Now, working closely with White and Cosmo design director Ann Kwong, Pentagram’s Luke Hayman and his team have redesigned Cosmopolitan to create a bold new version of the iconic magazine. The refresh launches with Cosmo’s January 2012 issue, on newsstands today.
Cosmo is well loved by its readers, and rather than fix something that is decidedly not broken, the redesign accompanies an editorial shift that distills the best elements of the magazine and brings it up to date for the age of tabloids and Twitter. The new direction makes the tone of the magazine more irreverent, light and accessible. Stories are shorter and are told with more visuals. In the words of editor Kate White, the goal was to “not look like a magazine,” to better capture the smart, sexy attitude of Cosmo’s audience.

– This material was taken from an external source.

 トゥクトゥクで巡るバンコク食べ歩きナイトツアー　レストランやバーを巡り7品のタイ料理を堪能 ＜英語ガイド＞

Hayman has responded to this with a design that is spontaneous, spirited and dynamic, capturing the humorous, sassy tone of the content. White is extraordinarily prescient in knowing what her readers want and regularly implements new editorial ideas and departments; as a result the magazine is in a constant state of flux, and the core design grew diluted over time. The redesign establishes a supple, easy framework that sets off the variety in the pages and better connects with readers.

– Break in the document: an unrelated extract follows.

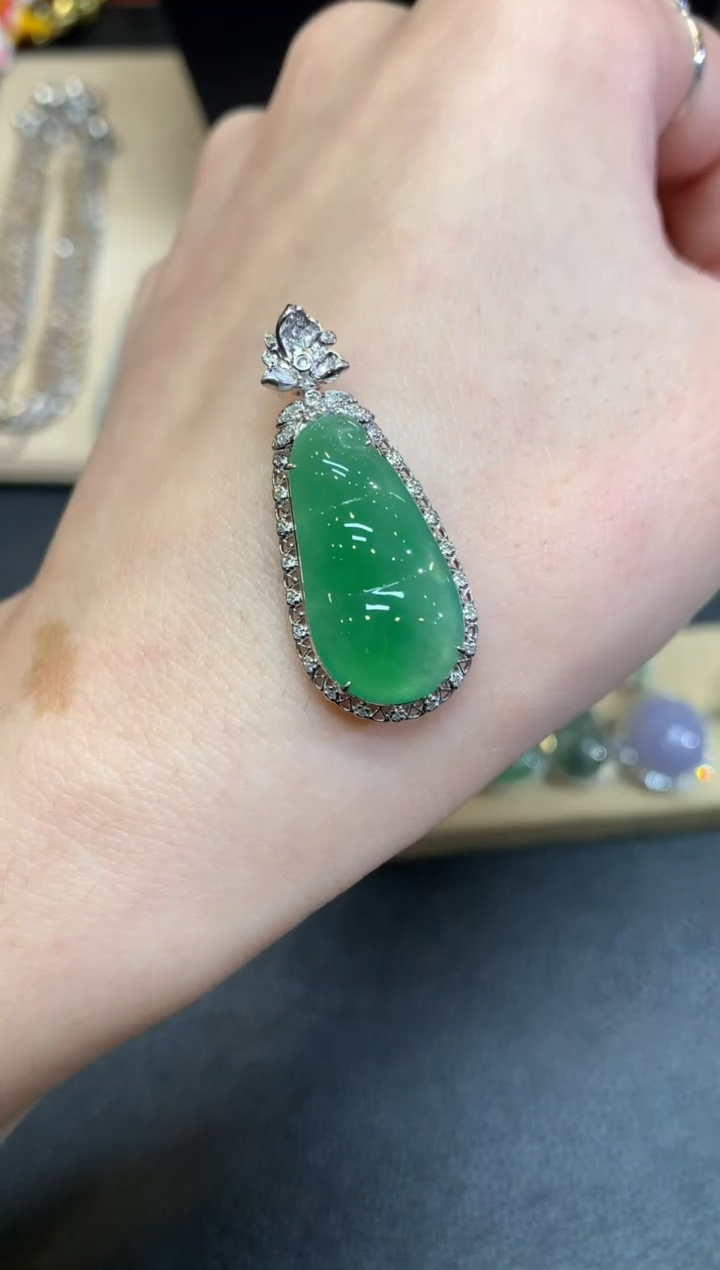 【闪购商品】翡翠颈饰18K金镶嵌福豆【无服务费】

In the new design, beautifully implemented by design director Ann Kwong and her team, the magazine’s pages have an added sense of depth and vitality, with layered elements of transparency, underlining, cutouts, shadows, titled angles and tinted boxes. Section openers almost function as mini-covers, with bold images that lead into sections of health and beauty. Single editorial pages are separated from adjacent advertising with a vertical line Hayman and his team refer to as “the chopstick”—a tapered graphic bar slightly wider at top than at the bottom.

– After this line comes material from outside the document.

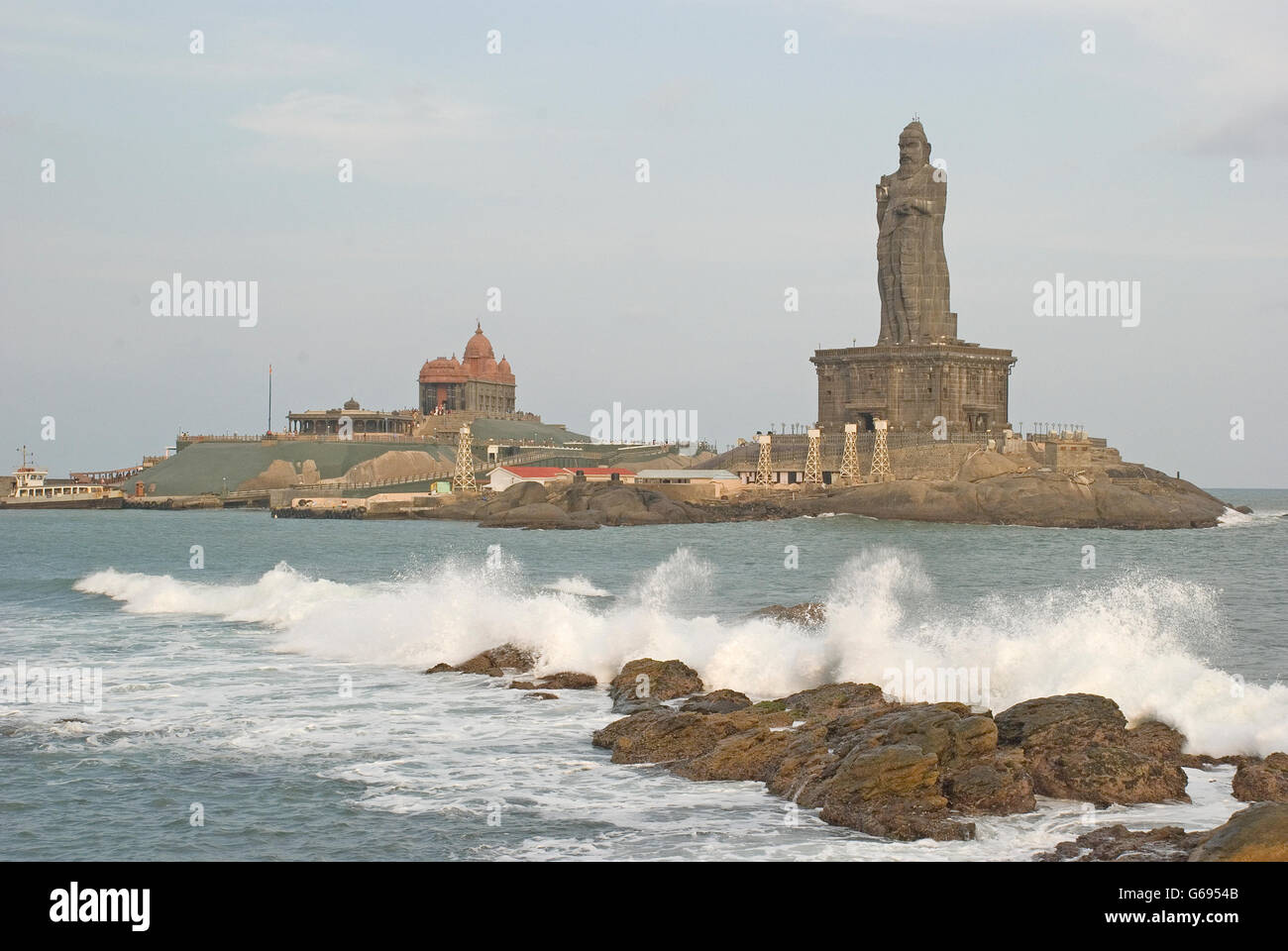 Océan Indien et Vivekananda Memorial Rock, Kanyakumari, Tamil Nadu, Inde Banque D'Images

With fewer words on the page, the formerly tight columns of justified text have been jettisoned for a looser, more relaxed grid that keeps the layouts lively. The redesign employs a mix of fonts (why choose just one?) that includes Helsinki, Router, and the typewriter-esque Parry and Tiempos (used for text), which communicate a sense of immediacy.
The look of the magazine’s photography has also been updated, with less of the gauzy, self-consciously “sensual” imagery of the past and more of a bold, brash and heightened sensibility that creates a mood of sexy, anything-can-happen spontaneity. (Think Terry Richardson.) The redesign makes playful use of infographics; in the January issue, a meter rates responses from “Mild” to “Freaky” for a “How Kinky He Thinks It Is” feature.